I’ll be honest. I’ve never had a great body. Thank you Type 1 diabetes for giving me enough hope in my teenage years to believe that I was on the path to averaging a 4.0 GPA in health and then squash my dreams in my 20s. It’s all been downhill (or maybe uphill?) from there.
The diabetes diagnosis was enough. But then I had chronic bouts of interstitial cystitis, urinary tract infections, benign paroxysmal positional vertigo (BPPV), iliotibial band syndrome, distal bicep tendonitis, and a brief scare of Hashimoto’s disease (thank goodness for second expert opinions), all before I hit my peak at 30. Or maybe that was supposed to be where my life ended? Maybe my body thinks I’m living in the early Middle Ages, so my peak was really at 12?
What was I doing at 12? Oh right, attempting to beat my record of an 11-minute mile in physical education (PE) class, so I wouldn’t be laughed off the track. Middle school was fun. So yeah, not my peak.
But given my 20s were replete of nothing but let down after let down and insane financial debt that prevented me from hoping for a better existence, I thought maybe my 30s would turn this boat upright again?
And while I was finally hitting my financial stride and tolerating this existence with diabetes, my body was like nah, your 30s is not going to be your peak, because we’re tired and burnt out, and we just don’t have the resilience or stamina we used to. You can thank your 20s for that.
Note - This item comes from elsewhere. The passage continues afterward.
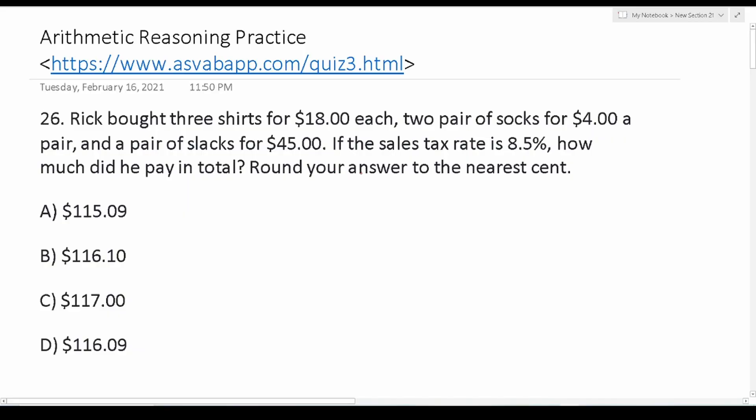Welcome YouTubers to another episode in my Grammar Heroes series. In today's video I'm going to work out some practice problems from the arithmetic reasoning subtest from the third practice test on my website. In case this is your first time finding my YouTube channel, I want to mention that I do have a small website that I recently created, and on that website there are three practice tests that roughly and quickly estimate your AFQT score.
So, hangovers are going to be rough, exercising is going to require more, sleep will be near to impossible, you’re going to sweat through every shirt you own, your hormones and skin will no longer get along, and you can’t digest sugar after 9pm unless you want to be up all night. Oh, and we’re taking away some of your energy reserves, so you won’t be able to accomplish as much as you did before in a day, and progress will be small.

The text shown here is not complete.